Information supplied:
....................
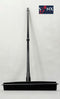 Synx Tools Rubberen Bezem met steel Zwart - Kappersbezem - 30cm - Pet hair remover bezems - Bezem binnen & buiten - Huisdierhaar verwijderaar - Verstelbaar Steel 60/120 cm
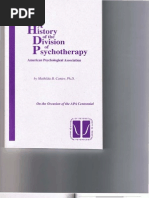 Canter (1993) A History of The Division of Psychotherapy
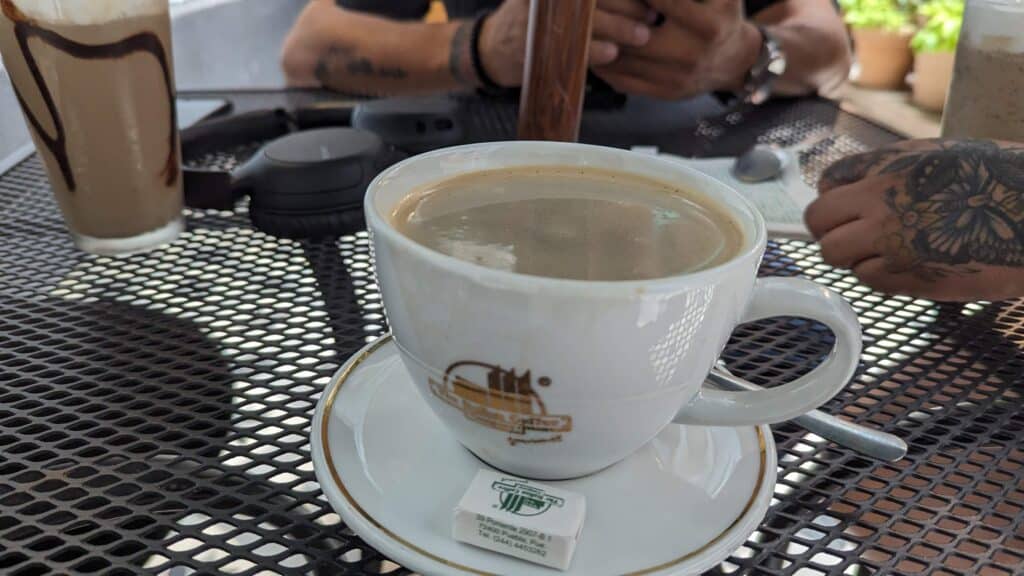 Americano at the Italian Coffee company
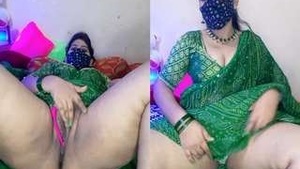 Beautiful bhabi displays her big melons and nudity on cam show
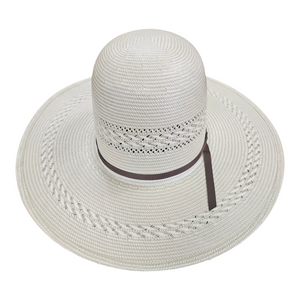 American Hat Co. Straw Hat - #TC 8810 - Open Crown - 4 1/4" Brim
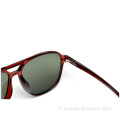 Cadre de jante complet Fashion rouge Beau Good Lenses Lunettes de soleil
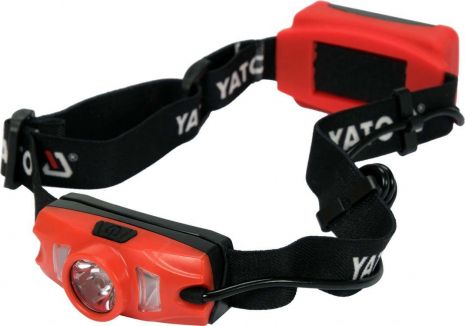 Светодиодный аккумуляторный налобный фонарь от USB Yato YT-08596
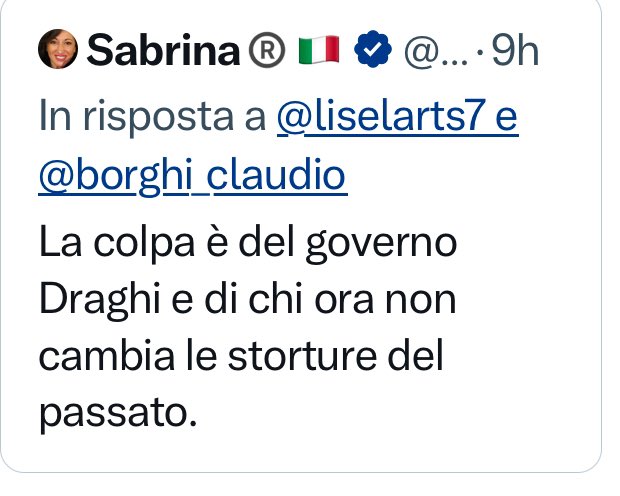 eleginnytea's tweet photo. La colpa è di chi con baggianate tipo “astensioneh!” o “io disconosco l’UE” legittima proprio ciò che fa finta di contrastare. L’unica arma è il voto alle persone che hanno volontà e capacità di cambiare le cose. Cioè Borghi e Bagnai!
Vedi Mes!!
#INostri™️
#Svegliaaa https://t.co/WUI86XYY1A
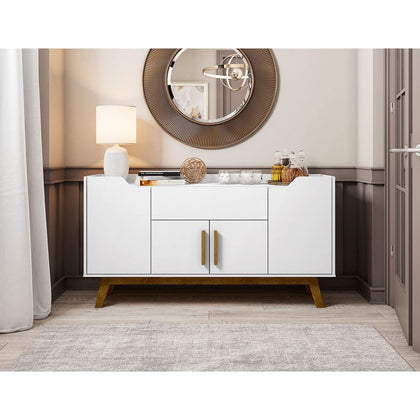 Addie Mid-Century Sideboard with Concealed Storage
....................
Work to be completed:
The lines from the one containing "Canter (1993) A" to the final line of the material, both ends included, should be retyped exactly and alone, with no pictures.

Response area:
 Canter (1993) A History of The Division of Psychotherapy
 Americano at the Italian Coffee company
 Beautiful bhabi displays her big melons and nudity on cam show
 American Hat Co. Straw Hat - #TC 8810 - Open Crown - 4 1/4" Brim
 Cadre de jante complet Fashion rouge Beau Good Lenses Lunettes de soleil
 Светодиодный аккумуляторный налобный фонарь от USB Yato YT-08596
 eleginnytea's tweet photo. La colpa è di chi con baggianate tipo “astensioneh!” o “io disconosco l’UE” legittima proprio ciò che fa finta di contrastare. L’unica arma è il voto alle persone che hanno volontà e capacità di cambiare le cose. Cioè Borghi e Bagnai!
Vedi Mes!!
#INostri™️
#Svegliaaa https://t.co/WUI86XYY1A
 Addie Mid-Century Sideboard with Concealed Storage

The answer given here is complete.